Of the three Scottish houses of the order, Ardchattan, Beauly and Pluscarden, the first two became Cistercian priories, and the third a cell of the Benedictine Abbey of Dunfermline, a century before the dissolution of the monasteries in Scotland.

==The Valliscaulian Rule==
According to Hippolyte Hélyot, the rule of the Valliscaulians, unlike that of the Augustinians, was centered on the personal salvation of the monks, not of the world at large. The monks were housed in very small cells, to which they could withdraw in order to be alone with God at times of prayer, study, and meditation. They surrendered all their possessions in order to avoid distractions from their spiritual exercises, which meant that they did not keep oxen or sheep or engage in cultivation of crops. They received small incomes, enough to supply the necessities of life and prevent the need for begging or outside employment. The admission of new monks was limited by the financial resources needed to sustain them. They wore the white mantle and the red cross of the Cistercians.

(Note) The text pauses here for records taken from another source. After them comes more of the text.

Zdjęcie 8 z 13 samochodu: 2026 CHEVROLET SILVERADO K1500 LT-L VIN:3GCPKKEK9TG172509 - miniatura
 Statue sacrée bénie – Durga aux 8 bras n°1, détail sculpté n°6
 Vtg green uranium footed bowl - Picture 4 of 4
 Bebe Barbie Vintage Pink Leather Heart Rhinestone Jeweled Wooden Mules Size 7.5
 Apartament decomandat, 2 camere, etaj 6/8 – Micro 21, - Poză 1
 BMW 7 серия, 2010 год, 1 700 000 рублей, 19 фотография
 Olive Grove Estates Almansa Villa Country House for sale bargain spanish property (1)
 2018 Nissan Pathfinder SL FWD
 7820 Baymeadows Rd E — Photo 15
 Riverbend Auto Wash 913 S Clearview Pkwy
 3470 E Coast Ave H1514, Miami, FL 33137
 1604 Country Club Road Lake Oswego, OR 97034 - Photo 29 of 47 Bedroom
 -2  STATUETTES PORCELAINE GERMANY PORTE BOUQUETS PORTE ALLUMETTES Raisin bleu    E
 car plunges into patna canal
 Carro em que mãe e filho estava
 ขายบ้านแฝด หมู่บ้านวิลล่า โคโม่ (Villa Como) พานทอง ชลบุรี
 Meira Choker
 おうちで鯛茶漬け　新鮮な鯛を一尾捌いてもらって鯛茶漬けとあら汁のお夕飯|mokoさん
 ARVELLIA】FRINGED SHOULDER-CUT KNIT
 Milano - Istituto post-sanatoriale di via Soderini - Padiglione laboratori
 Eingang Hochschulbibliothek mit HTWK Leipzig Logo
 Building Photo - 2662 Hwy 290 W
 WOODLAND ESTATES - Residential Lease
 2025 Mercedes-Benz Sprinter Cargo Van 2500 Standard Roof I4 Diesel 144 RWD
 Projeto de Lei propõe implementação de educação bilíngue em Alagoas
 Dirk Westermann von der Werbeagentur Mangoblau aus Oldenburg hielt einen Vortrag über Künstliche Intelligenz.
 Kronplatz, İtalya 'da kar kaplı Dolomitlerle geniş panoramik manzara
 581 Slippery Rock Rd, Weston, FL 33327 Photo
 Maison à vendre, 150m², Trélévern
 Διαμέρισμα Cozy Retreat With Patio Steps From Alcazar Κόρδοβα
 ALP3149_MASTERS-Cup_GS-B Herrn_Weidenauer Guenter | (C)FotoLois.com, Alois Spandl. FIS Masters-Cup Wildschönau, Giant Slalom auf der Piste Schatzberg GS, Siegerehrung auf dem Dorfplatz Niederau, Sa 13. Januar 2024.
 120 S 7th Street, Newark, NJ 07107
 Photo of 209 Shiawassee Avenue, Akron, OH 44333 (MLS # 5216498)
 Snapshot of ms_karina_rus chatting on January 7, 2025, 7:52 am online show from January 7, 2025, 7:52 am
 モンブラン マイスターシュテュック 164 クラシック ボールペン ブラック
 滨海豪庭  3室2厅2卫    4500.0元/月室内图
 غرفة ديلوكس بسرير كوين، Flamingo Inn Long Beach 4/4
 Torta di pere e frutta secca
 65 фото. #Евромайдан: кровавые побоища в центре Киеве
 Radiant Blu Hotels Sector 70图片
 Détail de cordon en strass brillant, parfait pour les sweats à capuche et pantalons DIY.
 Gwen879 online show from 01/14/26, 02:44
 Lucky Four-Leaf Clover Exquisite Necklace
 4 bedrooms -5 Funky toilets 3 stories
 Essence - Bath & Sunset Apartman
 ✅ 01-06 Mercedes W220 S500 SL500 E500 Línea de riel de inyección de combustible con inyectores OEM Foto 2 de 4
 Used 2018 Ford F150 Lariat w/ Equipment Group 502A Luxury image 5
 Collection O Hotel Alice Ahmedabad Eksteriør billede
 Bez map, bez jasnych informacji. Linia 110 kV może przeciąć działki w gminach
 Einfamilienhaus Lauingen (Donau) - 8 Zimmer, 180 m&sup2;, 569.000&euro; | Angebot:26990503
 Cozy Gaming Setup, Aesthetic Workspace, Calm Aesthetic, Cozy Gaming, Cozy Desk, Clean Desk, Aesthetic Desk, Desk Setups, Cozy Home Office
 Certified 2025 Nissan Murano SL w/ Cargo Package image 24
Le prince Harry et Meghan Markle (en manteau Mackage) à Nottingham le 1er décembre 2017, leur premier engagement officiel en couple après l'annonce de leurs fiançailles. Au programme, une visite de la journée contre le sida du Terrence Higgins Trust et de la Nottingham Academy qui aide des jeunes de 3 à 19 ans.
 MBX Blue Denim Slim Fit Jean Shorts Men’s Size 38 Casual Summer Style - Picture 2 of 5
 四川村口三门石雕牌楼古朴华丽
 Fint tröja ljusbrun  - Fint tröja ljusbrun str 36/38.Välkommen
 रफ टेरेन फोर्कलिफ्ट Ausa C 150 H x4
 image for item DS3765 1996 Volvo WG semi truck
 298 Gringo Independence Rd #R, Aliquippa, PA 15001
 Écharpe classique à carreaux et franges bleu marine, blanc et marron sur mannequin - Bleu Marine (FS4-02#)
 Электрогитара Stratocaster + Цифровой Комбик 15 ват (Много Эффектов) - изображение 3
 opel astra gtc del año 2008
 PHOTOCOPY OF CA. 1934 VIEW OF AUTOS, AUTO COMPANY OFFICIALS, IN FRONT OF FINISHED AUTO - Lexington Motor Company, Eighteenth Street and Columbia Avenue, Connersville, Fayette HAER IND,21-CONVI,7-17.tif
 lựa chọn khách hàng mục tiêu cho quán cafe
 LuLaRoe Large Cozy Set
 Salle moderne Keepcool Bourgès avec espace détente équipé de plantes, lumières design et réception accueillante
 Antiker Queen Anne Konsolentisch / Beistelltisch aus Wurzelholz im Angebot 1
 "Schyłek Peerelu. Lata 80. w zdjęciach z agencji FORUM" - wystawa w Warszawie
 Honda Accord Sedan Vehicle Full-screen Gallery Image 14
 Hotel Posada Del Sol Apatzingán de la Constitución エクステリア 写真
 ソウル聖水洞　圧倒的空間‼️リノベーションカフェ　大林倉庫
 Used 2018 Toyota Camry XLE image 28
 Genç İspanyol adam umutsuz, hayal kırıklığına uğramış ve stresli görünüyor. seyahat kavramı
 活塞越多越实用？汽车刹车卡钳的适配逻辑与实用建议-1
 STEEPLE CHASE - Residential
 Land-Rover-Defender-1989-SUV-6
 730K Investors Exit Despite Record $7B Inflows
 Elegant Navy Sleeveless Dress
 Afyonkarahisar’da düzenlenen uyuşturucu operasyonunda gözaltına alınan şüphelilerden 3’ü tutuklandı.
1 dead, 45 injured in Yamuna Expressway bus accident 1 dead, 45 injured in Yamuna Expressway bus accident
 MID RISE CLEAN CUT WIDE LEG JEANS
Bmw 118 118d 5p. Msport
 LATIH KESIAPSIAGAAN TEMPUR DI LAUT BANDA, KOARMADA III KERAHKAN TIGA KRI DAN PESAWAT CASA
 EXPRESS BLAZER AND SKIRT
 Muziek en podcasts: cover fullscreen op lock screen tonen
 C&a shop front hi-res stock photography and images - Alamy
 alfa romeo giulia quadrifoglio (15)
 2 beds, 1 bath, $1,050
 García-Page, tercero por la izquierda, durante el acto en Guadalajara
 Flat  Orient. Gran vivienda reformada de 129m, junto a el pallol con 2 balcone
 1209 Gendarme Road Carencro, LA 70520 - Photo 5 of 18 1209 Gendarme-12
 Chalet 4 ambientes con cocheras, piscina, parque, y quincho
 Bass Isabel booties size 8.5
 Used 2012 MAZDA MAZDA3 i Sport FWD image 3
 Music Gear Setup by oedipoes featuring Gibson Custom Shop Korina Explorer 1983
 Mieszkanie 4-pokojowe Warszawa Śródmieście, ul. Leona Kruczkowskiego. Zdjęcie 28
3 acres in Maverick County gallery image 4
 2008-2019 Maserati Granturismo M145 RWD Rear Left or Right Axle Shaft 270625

A more complete survey of the Valliscaulian rule is found in the Bull of Pope Innocent III, which is recorded in the Register of Moray. Some of its main features are the following:
- "None of you are to possess any separate property.
- "In assembling every day, the mass and the canonical hours shall be sung. . . .
- "You shall hold a chapter every day, making twelve readings at the appointed times.
- "You shall work together, and you shall eat together in the refectory, not using flesh or fat (sagimine)….
- "You shall live on your revenues (redditibus).
- "You shall observe silence. Women shall not enter the inner bounds, nor shall you pass the outer bounds, except the prior on the business of the order….
- "You shall wear hair-shirts next your skins; those, however, who cannot endure these are not to be compelled to do so. You are on no account to put on linen or hempen garments, but to clothe yourselves in white dresses of coarse wool and fur (pelliceas). You shall all lie down in your tunics, with your girdles [belts] on, and shoes on. And besides this, you, my sons the monks, with your cowls on, nowhere and never resting upon mattresses.
- "Your novices shall be in probation for a year.
- "And you, my sons, the monks, from matins to the hour of labour, and from vespers to sunset, shall devote yourselves to reading, prayer, and contemplation [unless exempted with the permission of the prior]."